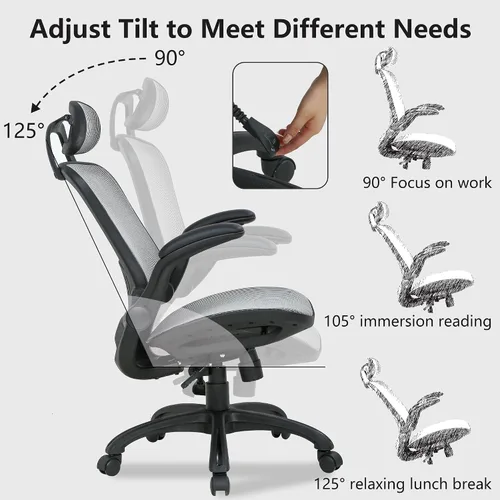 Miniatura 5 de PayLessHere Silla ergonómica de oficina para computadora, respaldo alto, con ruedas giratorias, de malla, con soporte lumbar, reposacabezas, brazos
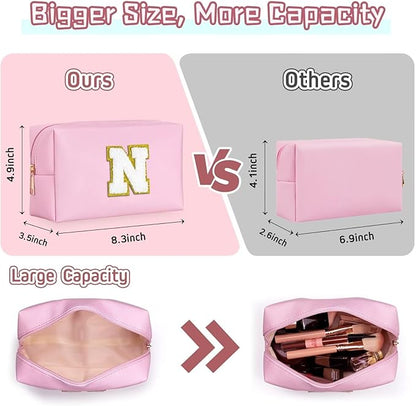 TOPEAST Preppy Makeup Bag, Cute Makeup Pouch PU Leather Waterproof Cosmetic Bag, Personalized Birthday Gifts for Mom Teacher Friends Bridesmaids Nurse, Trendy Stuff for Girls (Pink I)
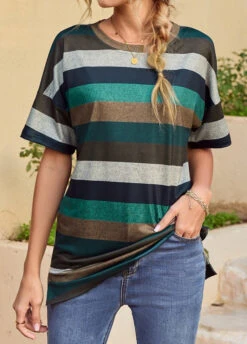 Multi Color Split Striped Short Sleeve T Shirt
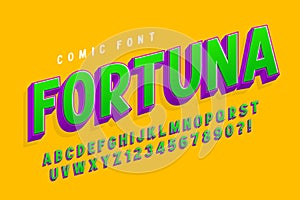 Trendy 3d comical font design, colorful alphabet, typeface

§

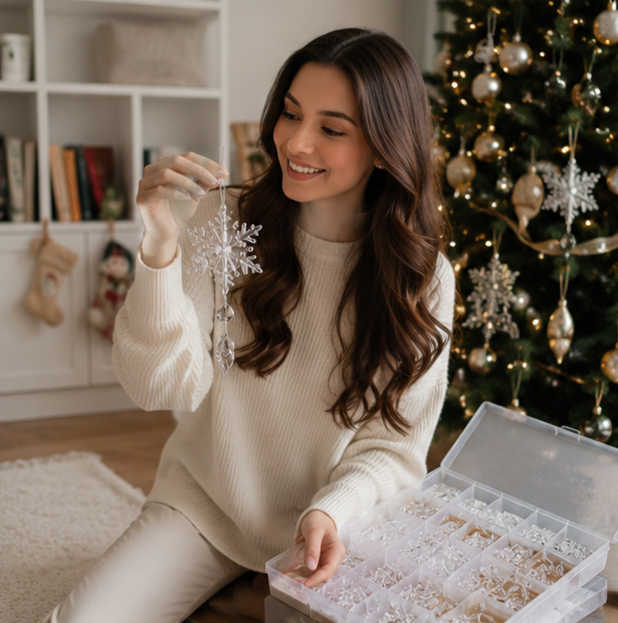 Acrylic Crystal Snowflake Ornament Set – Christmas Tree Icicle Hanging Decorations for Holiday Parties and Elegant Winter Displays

§

Using the entries above, transcribe every line from the line containing "Multi Color Split" through the line containing "Trendy 3d comical". Do not copy pictures.

**Result of this task:**
 Multi Color Split Striped Short Sleeve T Shirt
 Trendy 3d comical font design, colorful alphabet, typeface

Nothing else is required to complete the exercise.